WHAT THE TASK ASKS
Everything in the listing below must be set down again exactly, apart from the pictures.

··· DATA EXCERPT ···

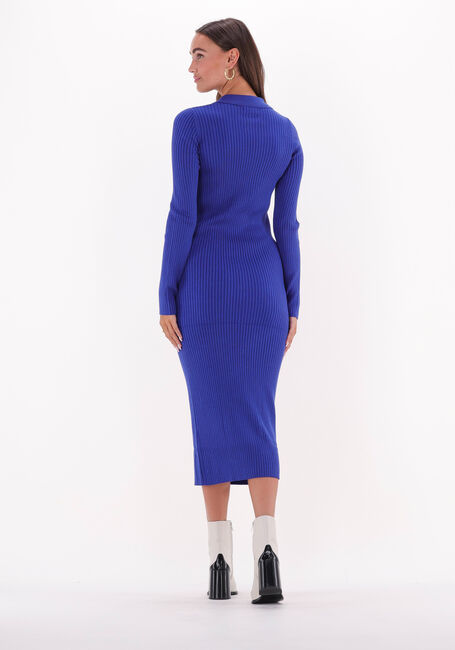 Blauwe ENVII Maxi jurk ENAGATHE DRESS 5253 - large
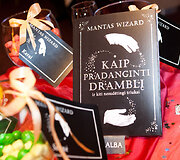 Knygos pristatymo akimirka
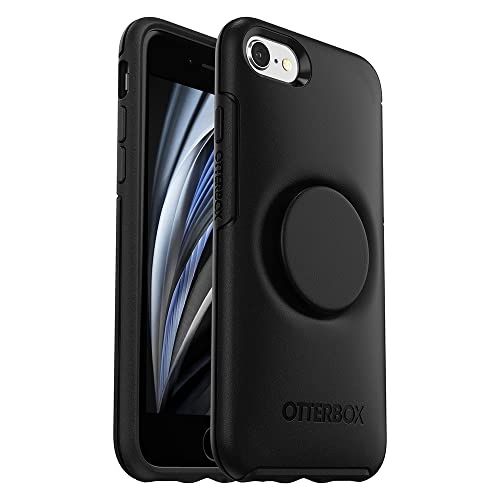 OtterBox Symmetry  PopSockets per iPhone SE 2022/2020/8/7 Nero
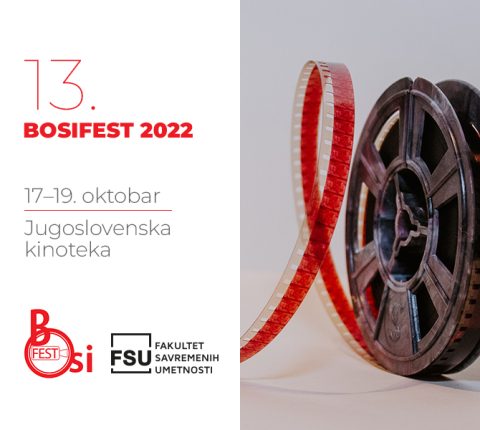 BOSIFEST 2022: Od 17. do 19. oktobra u Jugoslovenskoj kinoteci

···

SOLUTION TO THIS TASK
 Blauwe ENVII Maxi jurk ENAGATHE DRESS 5253 - large
 Knygos pristatymo akimirka
 OtterBox Symmetry  PopSockets per iPhone SE 2022/2020/8/7 Nero
 BOSIFEST 2022: Od 17. do 19. oktobra u Jugoslovenskoj kinoteci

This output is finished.